====== GIVEN DATA

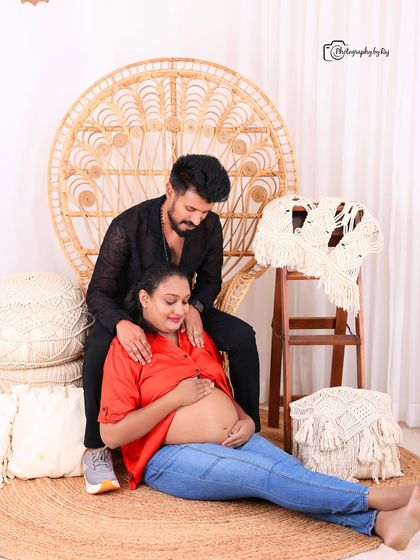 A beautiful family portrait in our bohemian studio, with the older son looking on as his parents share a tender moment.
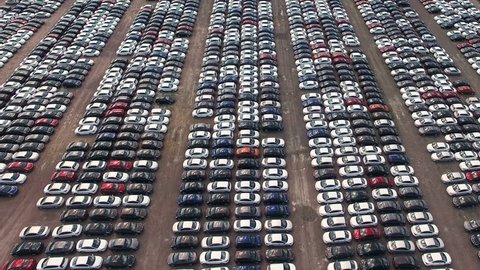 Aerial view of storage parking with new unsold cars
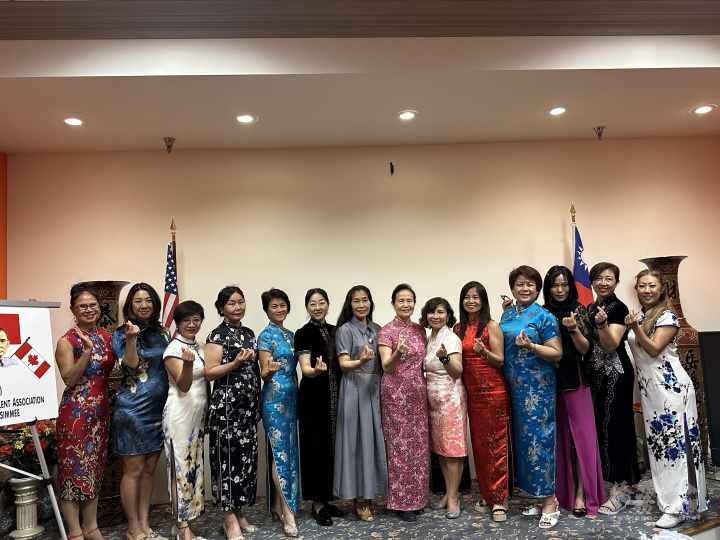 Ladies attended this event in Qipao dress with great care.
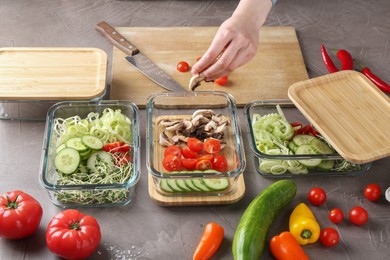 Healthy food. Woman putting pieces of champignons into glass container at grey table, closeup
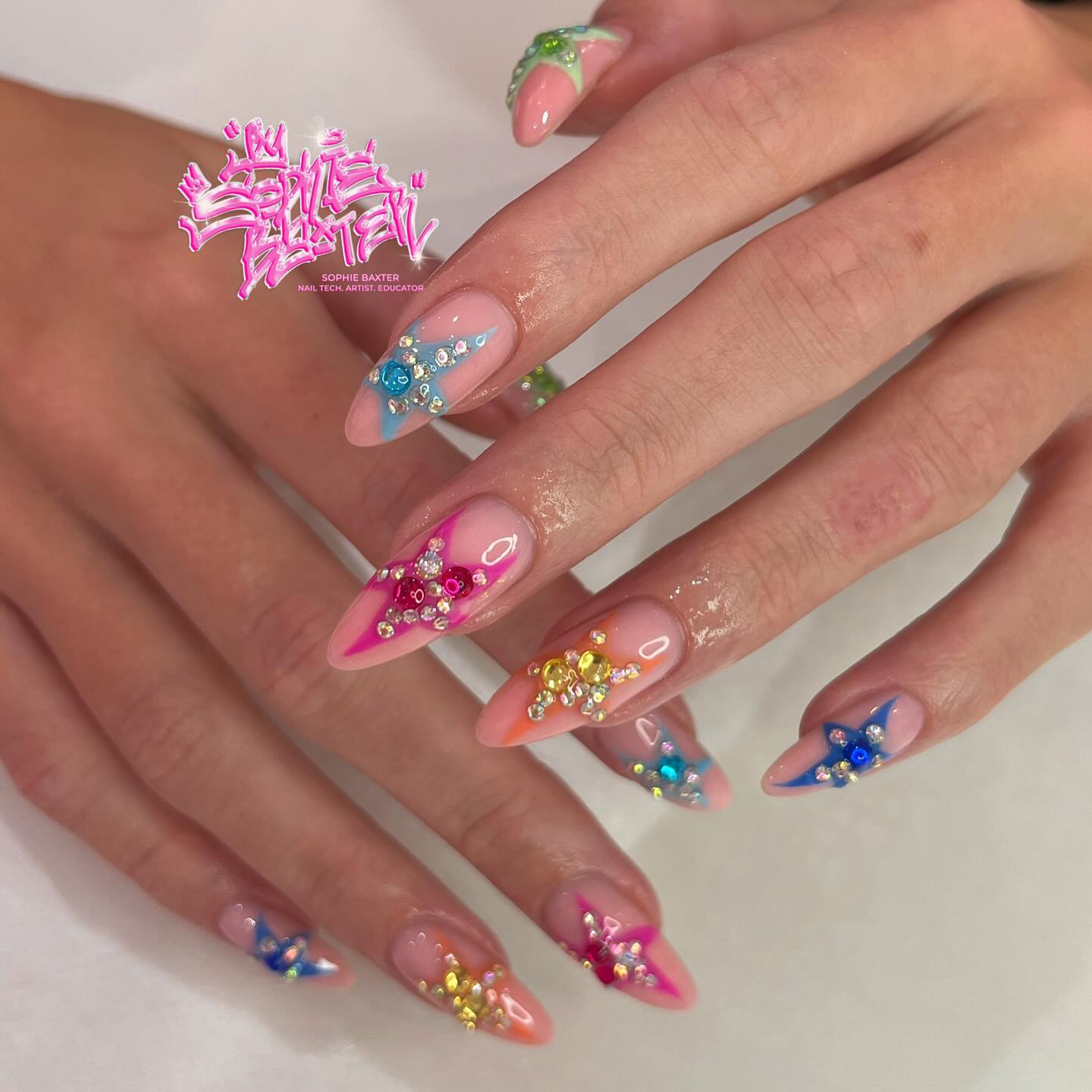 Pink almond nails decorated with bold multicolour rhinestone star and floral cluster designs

============

WORK ORDER = Please repeat every record exactly, leaving the pictures out.

EXERCISE OUTPUT =
 A beautiful family portrait in our bohemian studio, with the older son looking on as his parents share a tender moment.
 Aerial view of storage parking with new unsold cars
 Ladies attended this event in Qipao dress with great care.
 Healthy food. Woman putting pieces of champignons into glass container at grey table, closeup
 Pink almond nails decorated with bold multicolour rhinestone star and floral cluster designs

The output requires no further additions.